Despite the multi-purpose use of corn stover, it is extremely prevented from microbial and enzymatic degradation because of its complex chemical and physical structure. Therefore, it requires some initial treatments in order to enhance its degradability for more efficient utilization either as a source of biofuel production or feed for the livestock industry. Recent studies have indicated the importance of fiber-degrading enzymes on the degradation of corn stover [12,13]. Moreover, the end products of enzymatic degradation for lignocellulosic biomass primarily reducing sugars (mainly glucose, xylose) have been used for biofuel production and other industrial purposes [2,14,15,16]. A large variety of enzymes with different specificities are required to degrade corn stover such as cellulase, hemicellulase, pectinase and lactase [17]. However, different enzymes have their own reaction condition such as optimal pH and temperature to express its maximum activity. The reaction mixture of different enzymes together potentially could not achieve the maximum enzyme activity of all enzymes, and leads to low efficiency of fiber degradation and sugar production. There is no evidence about how enzyme sequence action affects the degradation of lignocellulosic biomass such as corn stover. Therefore, a new method is needed in order to better use these different varieties of enzymes. We hypothesize that the best enzyme sequence can maximize fiber degradation. Therefore, the objective of this study was to investigate the effect of enzyme sequence action on the degradation of corn stover.
2. Materials and Methods
2.1. Materials and Sample Preparation
The raw corn stover was collected after two months of harvesting time from a cornfield near Beijing, China. The raw corn stover was chopped and dried in air at room temperature for five days. This was further ground in a mill, sieved to obtain 2 mm sized pieces, and finally stored in sealed plastic bags at room temperature before use.
2.2. Experimental Design
A complete randomized design was used for this study. Number of treatments was 24 and each treatment had 3 replications. Four enzymes were used, including cellulase (Cel), hemicellulase (Hem), pectinase (Pec) and laccase (Lac). The four enzymes were placed and listed in sequential way by using permutations and combination theory (Table 1).

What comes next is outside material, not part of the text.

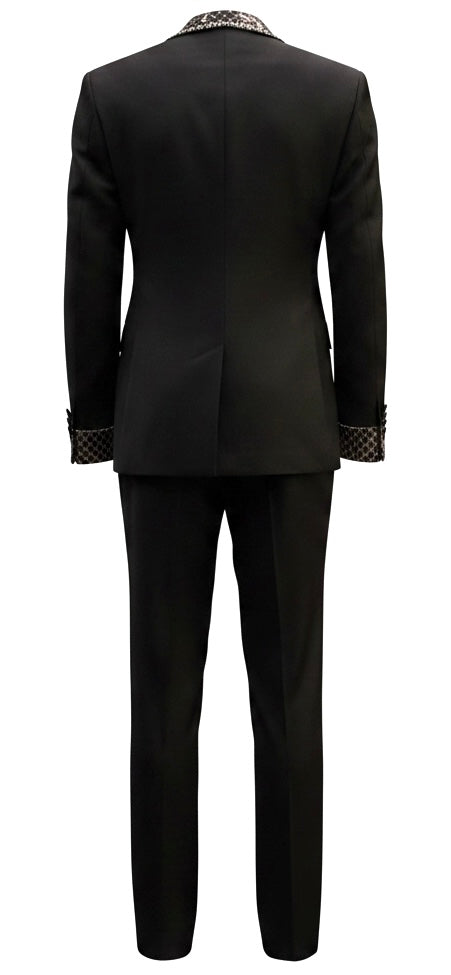 Black Wool Tuxedo with Crystal Pearl Lapel & Cuff Embellishments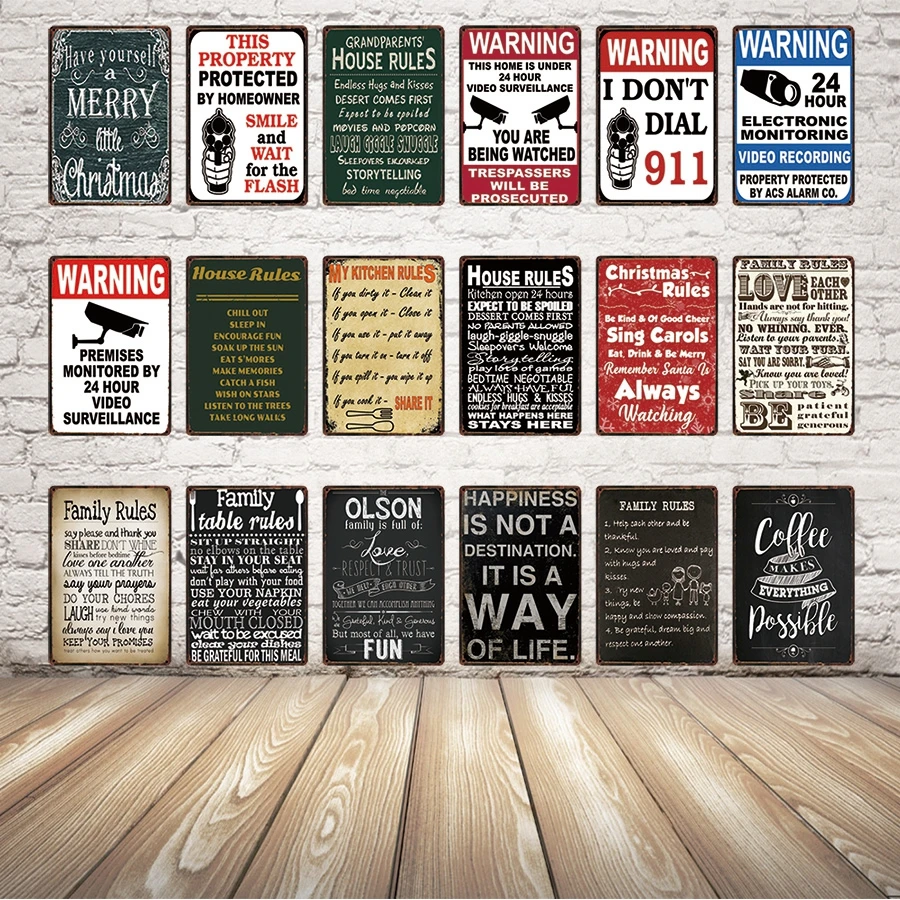 

[ Kelly66 ] Family Rule Warning and House rule Metal Sign Tin Poster Home Decor Bar Wall Art Painting 20*30 CM Size y-1934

2.3. Enzymes and Enzyme Solution Preparation
The enzymes were obtained from Shanghai Yuanye Biotechnology, Co. Ltd. (Shanghai, China): Cellulase (S10041), Hemicellulase (S10045), Pectinase (S10007) and Laccase (S10189). All activities were measured at the optimal pH and temperature as suggested by the enzymes’ manufacturer. The optimal temperature for Cel, Hem and Pec were 50 °C and 30 °C for Lac. However, the optimal pH was different for each of the enzymes; 4.8 for Cel, 5 for Hem, 4 for Pec, and 3 for Lac. Hem and Pec activities were determined as described by Reynolds et al., 2018 [18]. Cel activity was determined as described by Adney and Baker, 1996 [19]. Lac activity was determined following the procedure as described by Muñiz-Mouro et al., 2018 [20].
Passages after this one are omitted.